At the yellow tribe, Yase, Abraham pushed for Tiffany to be the first voted out, arguing that the tribe needs strength, blah blah. But Evvie wasn’t having that: “I don’t want to be in a situation where keeping the tribe strong means getting rid of all the women,” she said. While it appeared that Voce and Xander were convinced by Abraham, ultimately everyone voted for Abraham, blindsiding him.

At the green tribe, Ua, Ricard wanted to get rid of JD, but Brad declared “Sara’s on the table, Shan’s on the table”—in front of both Sara and Shan. In an interview, Sara said, “What? You’re saying that to our faces? Brad’s playing the game like they played in 2000. She messed up, she needs to go.

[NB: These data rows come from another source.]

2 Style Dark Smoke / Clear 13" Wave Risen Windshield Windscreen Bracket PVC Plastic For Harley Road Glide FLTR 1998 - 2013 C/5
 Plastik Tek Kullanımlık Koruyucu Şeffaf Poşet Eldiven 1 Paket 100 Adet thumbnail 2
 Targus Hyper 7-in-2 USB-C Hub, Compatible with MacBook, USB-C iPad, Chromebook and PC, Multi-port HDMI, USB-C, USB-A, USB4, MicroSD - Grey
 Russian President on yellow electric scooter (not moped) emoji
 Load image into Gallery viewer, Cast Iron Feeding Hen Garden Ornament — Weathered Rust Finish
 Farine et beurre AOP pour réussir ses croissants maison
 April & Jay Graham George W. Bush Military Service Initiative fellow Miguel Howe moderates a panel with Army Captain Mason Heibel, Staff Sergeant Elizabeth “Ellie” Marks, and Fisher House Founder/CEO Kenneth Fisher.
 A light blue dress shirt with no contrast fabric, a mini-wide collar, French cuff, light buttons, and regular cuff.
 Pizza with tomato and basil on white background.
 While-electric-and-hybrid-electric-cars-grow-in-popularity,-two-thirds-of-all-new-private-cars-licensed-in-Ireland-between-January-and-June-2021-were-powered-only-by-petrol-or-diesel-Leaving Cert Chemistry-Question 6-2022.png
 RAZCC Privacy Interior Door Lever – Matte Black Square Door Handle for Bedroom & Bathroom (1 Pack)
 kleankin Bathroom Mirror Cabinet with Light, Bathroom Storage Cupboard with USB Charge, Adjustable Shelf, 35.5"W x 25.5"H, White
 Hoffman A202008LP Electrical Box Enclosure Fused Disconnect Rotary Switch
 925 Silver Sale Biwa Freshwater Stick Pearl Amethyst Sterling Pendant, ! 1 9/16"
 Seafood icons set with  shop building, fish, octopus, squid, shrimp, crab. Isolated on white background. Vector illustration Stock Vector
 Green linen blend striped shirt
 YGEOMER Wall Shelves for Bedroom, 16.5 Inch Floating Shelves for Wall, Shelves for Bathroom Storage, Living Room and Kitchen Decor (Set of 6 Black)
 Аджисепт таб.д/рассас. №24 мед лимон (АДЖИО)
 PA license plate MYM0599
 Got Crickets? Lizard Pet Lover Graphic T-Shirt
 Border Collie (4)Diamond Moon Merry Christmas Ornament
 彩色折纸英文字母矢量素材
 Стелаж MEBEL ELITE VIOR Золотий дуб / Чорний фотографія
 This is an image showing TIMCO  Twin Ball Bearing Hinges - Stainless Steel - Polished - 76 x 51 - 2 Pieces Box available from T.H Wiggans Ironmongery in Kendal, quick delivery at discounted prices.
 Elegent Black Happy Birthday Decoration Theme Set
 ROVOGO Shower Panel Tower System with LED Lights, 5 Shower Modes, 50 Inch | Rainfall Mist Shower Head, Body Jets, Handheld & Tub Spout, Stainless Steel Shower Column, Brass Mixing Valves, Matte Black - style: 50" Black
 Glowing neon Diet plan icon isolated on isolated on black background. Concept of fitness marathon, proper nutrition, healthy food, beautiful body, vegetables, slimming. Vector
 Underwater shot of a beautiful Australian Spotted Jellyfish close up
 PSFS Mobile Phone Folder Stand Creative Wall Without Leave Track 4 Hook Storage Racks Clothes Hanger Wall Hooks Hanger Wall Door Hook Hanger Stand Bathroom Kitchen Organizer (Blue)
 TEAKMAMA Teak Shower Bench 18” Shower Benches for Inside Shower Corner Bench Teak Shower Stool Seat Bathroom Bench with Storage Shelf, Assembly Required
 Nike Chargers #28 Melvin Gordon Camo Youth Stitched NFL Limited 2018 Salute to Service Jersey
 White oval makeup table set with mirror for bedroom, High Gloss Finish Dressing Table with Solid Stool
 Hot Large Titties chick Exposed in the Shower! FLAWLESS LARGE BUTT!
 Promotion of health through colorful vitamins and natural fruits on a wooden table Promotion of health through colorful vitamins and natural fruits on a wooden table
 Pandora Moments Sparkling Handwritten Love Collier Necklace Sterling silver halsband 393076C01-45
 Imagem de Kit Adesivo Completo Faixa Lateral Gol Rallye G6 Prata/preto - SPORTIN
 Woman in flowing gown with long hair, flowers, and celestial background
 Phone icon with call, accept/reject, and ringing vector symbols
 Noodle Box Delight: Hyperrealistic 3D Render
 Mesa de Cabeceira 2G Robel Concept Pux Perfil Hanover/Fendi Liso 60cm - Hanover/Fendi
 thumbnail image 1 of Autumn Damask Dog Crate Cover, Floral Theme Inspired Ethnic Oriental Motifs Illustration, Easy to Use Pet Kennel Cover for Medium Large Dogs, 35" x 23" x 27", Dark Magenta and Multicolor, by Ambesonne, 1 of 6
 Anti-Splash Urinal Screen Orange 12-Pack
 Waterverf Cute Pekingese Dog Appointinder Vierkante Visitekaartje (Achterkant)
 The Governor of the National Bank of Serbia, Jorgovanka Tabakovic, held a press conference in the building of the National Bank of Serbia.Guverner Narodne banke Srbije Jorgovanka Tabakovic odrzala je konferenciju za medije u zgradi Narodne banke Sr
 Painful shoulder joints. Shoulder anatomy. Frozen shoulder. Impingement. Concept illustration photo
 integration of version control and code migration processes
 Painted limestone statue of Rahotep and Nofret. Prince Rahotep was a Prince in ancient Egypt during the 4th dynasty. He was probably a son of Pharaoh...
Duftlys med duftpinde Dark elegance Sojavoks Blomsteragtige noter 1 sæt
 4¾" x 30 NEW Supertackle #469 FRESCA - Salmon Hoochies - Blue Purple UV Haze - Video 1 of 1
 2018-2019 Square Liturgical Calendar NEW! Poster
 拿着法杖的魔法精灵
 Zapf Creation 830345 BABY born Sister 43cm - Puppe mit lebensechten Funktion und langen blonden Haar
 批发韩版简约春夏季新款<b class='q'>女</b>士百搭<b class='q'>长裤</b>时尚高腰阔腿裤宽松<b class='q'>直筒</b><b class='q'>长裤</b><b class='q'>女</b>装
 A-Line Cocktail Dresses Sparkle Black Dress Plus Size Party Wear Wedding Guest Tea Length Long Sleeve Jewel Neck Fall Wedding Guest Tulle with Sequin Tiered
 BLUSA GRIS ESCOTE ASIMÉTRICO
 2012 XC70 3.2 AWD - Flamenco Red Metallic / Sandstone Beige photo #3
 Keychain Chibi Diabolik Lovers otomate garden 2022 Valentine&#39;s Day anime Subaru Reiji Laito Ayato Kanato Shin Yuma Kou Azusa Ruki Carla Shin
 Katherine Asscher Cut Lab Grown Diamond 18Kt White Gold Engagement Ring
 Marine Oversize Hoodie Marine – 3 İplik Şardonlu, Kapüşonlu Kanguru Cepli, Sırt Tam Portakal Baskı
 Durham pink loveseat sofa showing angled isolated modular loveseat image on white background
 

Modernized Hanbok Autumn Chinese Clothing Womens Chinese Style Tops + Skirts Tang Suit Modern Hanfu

Earlier, Shan announced to us that “I am the mafia pastor” who “will pray for you and walk you out the door at the same time.” I was really hoping she’d do that to Brad, and at Tribal Council, whispering began and it seemed like she and Sara and Ricard were going to blindside Brad. The whispering culminated in JD asking Shan who he should vote for, and we didn’t hear that answer. It turned out to be Sara, who received all votes except Genie’s.

The “live” Tribal Council was exciting, yet once again it didn’t help us understand why we got that outcome. But I’ll take a live Tribal Council any day over Jeff Probst having to try to create drama, like when he asked Abraham a question and then told the tribe, “He said absolutely nothing while saying many, many words.”

You know who else did that, Jeff Probst? You, with your performative discussion of your own sexism. So let’s discuss that.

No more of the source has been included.